Anne Taylor, who is representing Kohberger in the slaying of four University of Idaho students in November of 2022, has accused the public of bias against her client after Latah County residents contacted the police to report a defense expert contacting them for a survey.

According to Taylor, the survey is part of the defense’s strategy to gather evidence ahead of the change of venue hearing. Taylor wrote: “due to the bias and interconnectivity in Latah County, citizens called police and the prosecutor about the survey.”

In multiple court filings Taylor has accused Latah County Prosecuting Attorney Bill Thompson and his office of trying to skirt due process in a motion filed by the prosecution to ban either side from contacting potential jurors in Latah County.

At issue is the that the defense hired Bryan Edelman, a social psychologist, to conduct the polling by surveying residents about media influence in the case.
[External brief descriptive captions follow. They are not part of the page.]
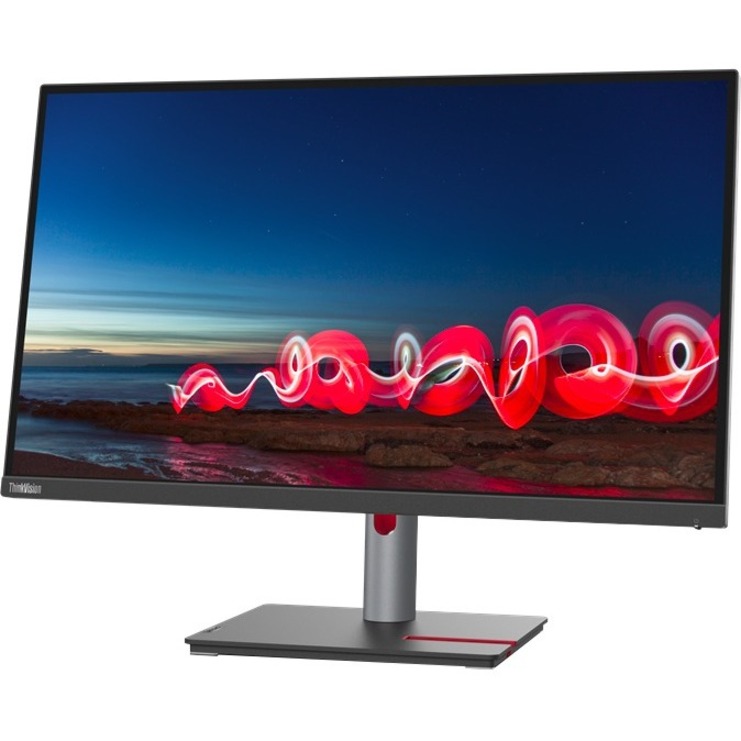 Lenovo ThinkVision T27h-30 27" Class WQHD LCD Monitor - 16:9 - Raven Black - 27" Viewable - In-plane Switching (IPS) Technology - WLED Backlight - 2560 x 1440 - 16.7 Million Colors - 350 cd/m&#178; - 4 ms - Speakers - HDMI - DisplayPort - USB Hub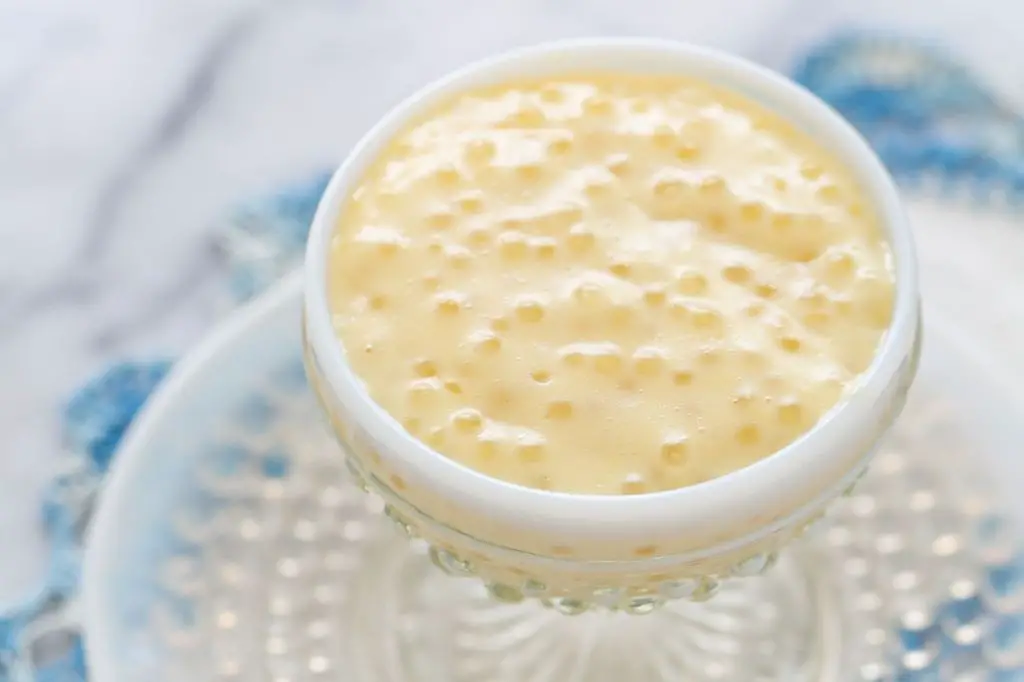 Sago Tapioca Pudding with Vanilla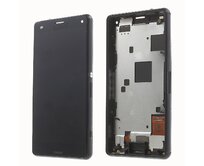 Sony Xperia Z3 Compact LCD displej včetně středního rámečku telefonu D5803 černá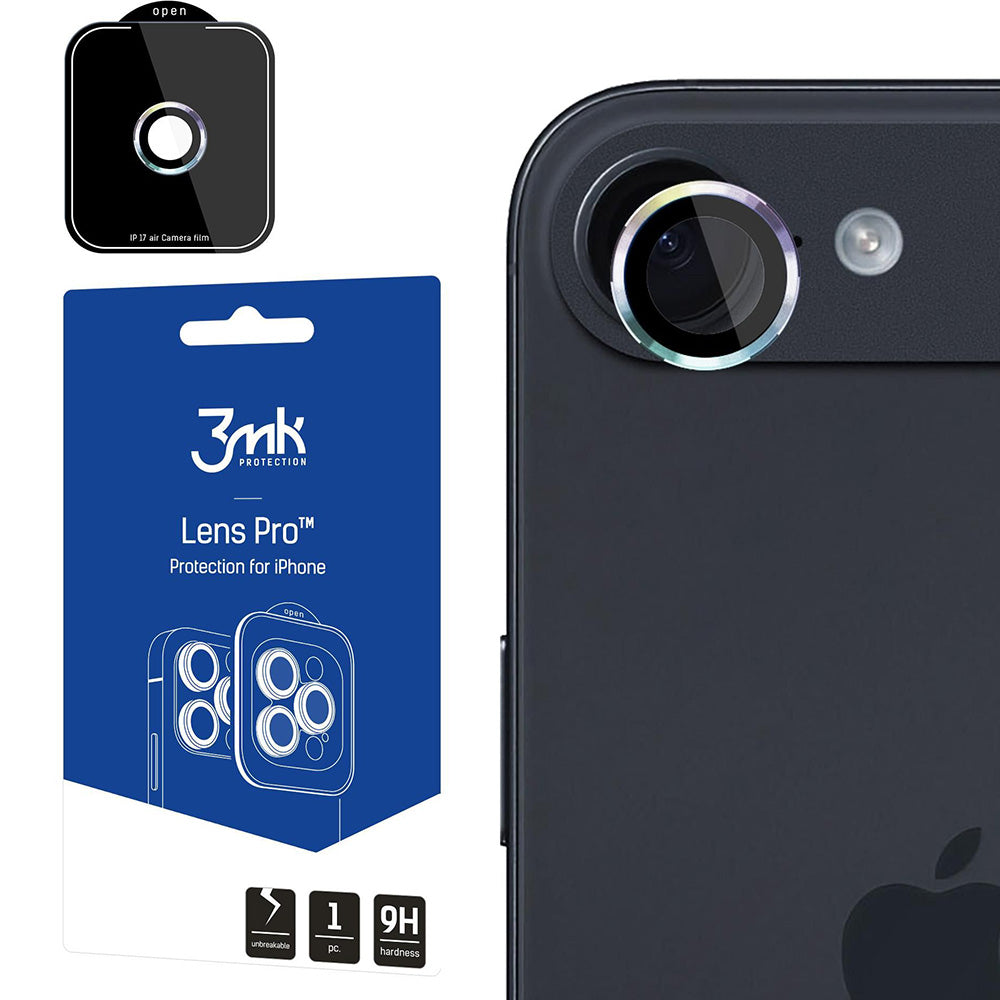 Objektivschutz für iPhone Air, 3mk Lens Protection Pro, Bunt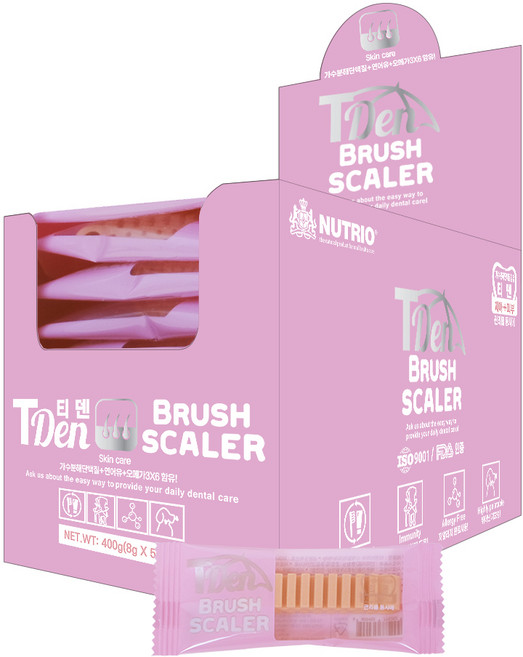 뉴트리오 강아지 티덴 브러쉬 덴탈껌 50p, 피부케어, 400g, 1개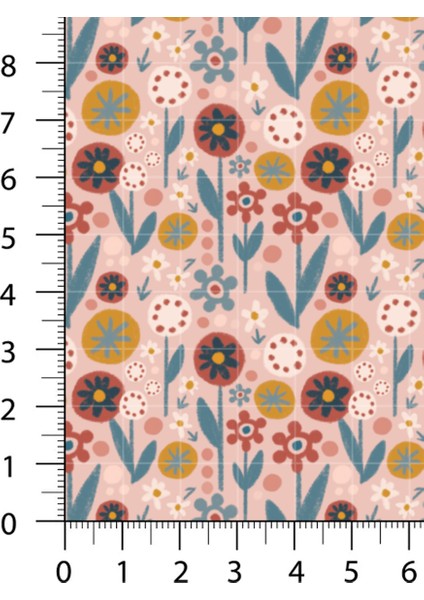 %100 Pamuk Saten Kumaş Panel – 6 Desenli Dijital Baskılı Tek Parça Patchwork Kumaş | 140 G/m², 155×100 cm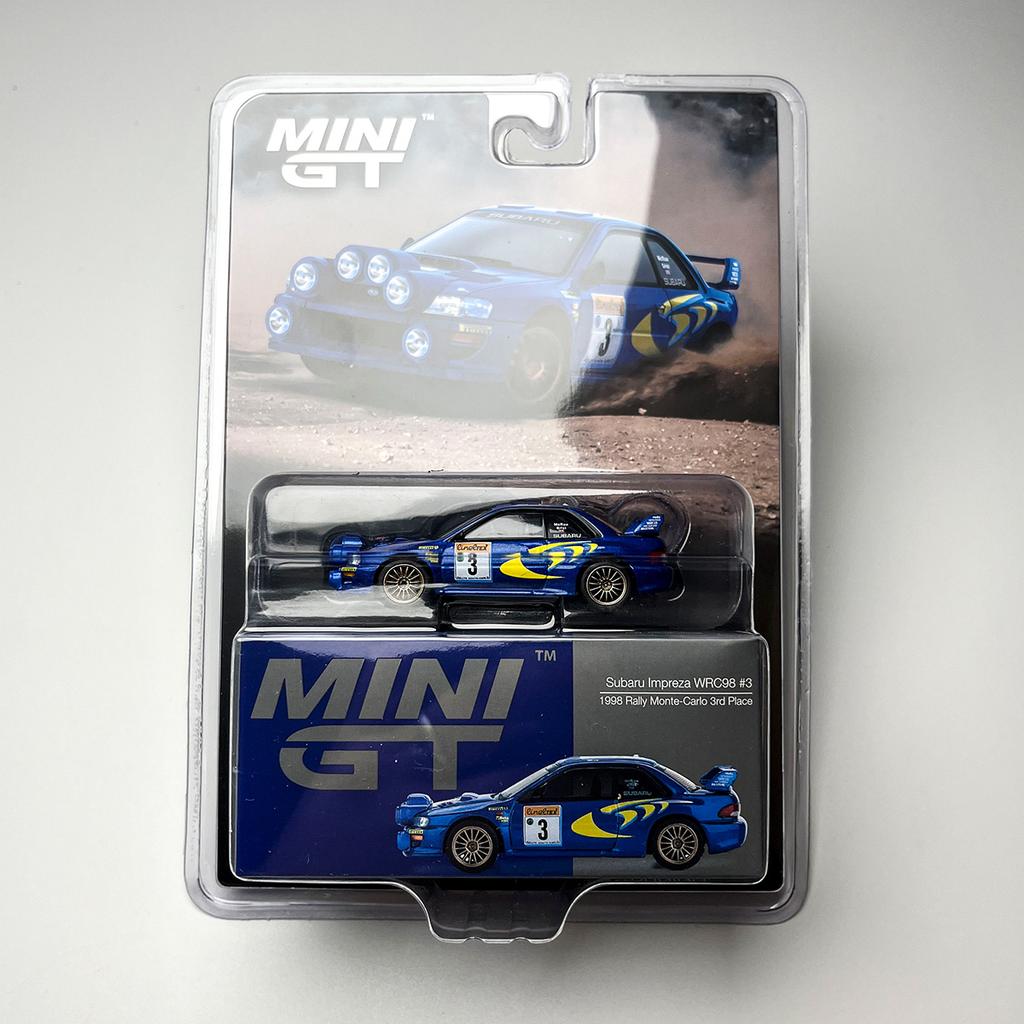 New In Stock Minigt 1:64 #975 Subaru Impreg Wrc98 Rally Simulation Alloy Miniature Diecast Car Model Custom Collectible Toy Gift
And in a written declaration, Edelman denied violating the gag order with his survey, stating none of his survey questions “included any information that was not widely reported and available in the public domain.”

Thompson, meanwhile, has accused Kohberger’s legal team of violating Judge John C. Judge’s restrictive gag order regarding the survey by discussing case specifics and disclosing information that would be inadmissible at trial.

To which Judge agreed and has banned juror contact “until further notice.” A hearing is scheduled for Thursday at 1:30 p.m. to discuss the matter.

Jury contact is typically forbidden, but surveys have been used in the past to bolster defense attorneys’ arguments for a change of venue.

Kohberger, 29, studied violent criminals, including the serial killer BTK, whose real name is Dennis Rader, and was pursuing a Ph.D. in criminology at Washington State University in Pullman, Washington, at the time of the murders.

The WSU campus is just 7 miles from Moscow, where four UI students were stabbed to death in their off-campus house on King Road on November 13, 2022.

Kohberger is accused in the stabbing deaths of Madison Mogen, 21, Kaylee Goncalves, 21, Xana Kernodle, 20, and Ethan Chapin, 20.

If convicted, he could face the death penalty, a jury trial is tentatively scheduled for the summer of 2025.